In spurring new consumer behavior, scale matters. That’s especially true with cryptocurrencies, where making the leap from speculation to actual transactions (you know, the kind tied to goods and services) may be more marathon than sprint.
After all, merchants have to be willing to accept bitcoin (and other digital coins); payment providers have to be on board to help those merchants with acceptance and conversion into fiat (on the merchant side of the payment) as payments are settled. For the consumers themselves, fostering crypto use within a payments/checkout flow that is already a familiar (at this point, almost intuitive) one can be a tailwind, too.
The news Tuesday (March 30) that PayPal will enable U.S. consumers to checkout and pay at millions of merchants can be construed as the next stage in a process that began late last year.
As reported, those users can opt to use their digital wallets to pay with bitcoin, bitcoin cash or Litecoin for goods and services at checkout.

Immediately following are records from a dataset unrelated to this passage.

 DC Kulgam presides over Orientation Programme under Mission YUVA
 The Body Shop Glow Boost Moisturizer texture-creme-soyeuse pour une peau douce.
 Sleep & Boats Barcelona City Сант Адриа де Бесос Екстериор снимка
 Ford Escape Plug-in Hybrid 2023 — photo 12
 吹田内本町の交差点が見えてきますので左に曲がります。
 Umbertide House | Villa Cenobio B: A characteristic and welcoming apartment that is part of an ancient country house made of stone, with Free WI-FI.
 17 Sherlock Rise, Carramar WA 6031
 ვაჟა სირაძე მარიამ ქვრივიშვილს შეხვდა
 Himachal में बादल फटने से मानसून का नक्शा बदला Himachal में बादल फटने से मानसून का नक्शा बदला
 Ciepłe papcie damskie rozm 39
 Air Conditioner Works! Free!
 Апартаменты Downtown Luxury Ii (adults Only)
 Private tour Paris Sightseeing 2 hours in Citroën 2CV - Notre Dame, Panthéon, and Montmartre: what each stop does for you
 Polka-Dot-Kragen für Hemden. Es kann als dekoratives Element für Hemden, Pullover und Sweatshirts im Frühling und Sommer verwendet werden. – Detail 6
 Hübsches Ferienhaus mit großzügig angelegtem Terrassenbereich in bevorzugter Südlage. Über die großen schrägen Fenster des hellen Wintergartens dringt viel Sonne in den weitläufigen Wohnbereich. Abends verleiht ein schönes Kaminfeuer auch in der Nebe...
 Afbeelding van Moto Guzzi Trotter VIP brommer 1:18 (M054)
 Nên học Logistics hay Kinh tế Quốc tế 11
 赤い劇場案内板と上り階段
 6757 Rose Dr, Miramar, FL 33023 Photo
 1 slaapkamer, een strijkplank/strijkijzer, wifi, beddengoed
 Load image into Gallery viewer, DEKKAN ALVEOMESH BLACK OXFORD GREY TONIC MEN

Through the service, known as Checkout with Crypto, holders will convert their cryptos into fiat in order to complete transactions, and PayPal has said the availability will stretch across all of its 29 million merchants, globally, over the next several months.
PayPal has said no fees will be levied as consumers opt to use crypto at checkout (noting instead that a “cryptocurrency conversion spread will be built into the conversion from crypto to USD” or to other currencies at the standard conversion rates set by the company), and has stated that only one crypto can be used per purchase.
Boosting The Range Of Payment Choices
In its release Tuesday, PayPal detailed some of the mechanics of Checkout with Crypto: At checkout, if a customer has sufficient balance of cryptocurrency to cover a transaction, crypto will automatically display as a payment method for that purchase (alongside other payment choices). Upon choosing the crypto they want to use to make the transaction, the crypto is converted into fiat by PayPal; the customer gets a record of the crypto sale itself, in addition to a record of the purchased item.
PayPal said in its release that the checkout feature offers “enhanced utility” for crypto holders.
And it is utility that seems to be the operative word here. To get that utility, scale is critical.
PayPal had already fired a shot across the proverbial crypto bow late last year, when the payments giant said that it would enable consumers to buy and sell (through partnership with Paxos Trust) the cryptos across their accounts.
As to the scale: PayPal has said, per its latest earnings report, that it had 377 million active accounts, and 29 million merchants in place. By serving up cryptos along with other currency options, it might be the case that users can increase their familiarity and comfort level in using cryptos as part of everyday commerce. But there’s a kicker here too: PayPal holders have to load the cryptos into their PayPal wallets first (as detailed in that October announcement), thus further cementing the PayPal ecosystem.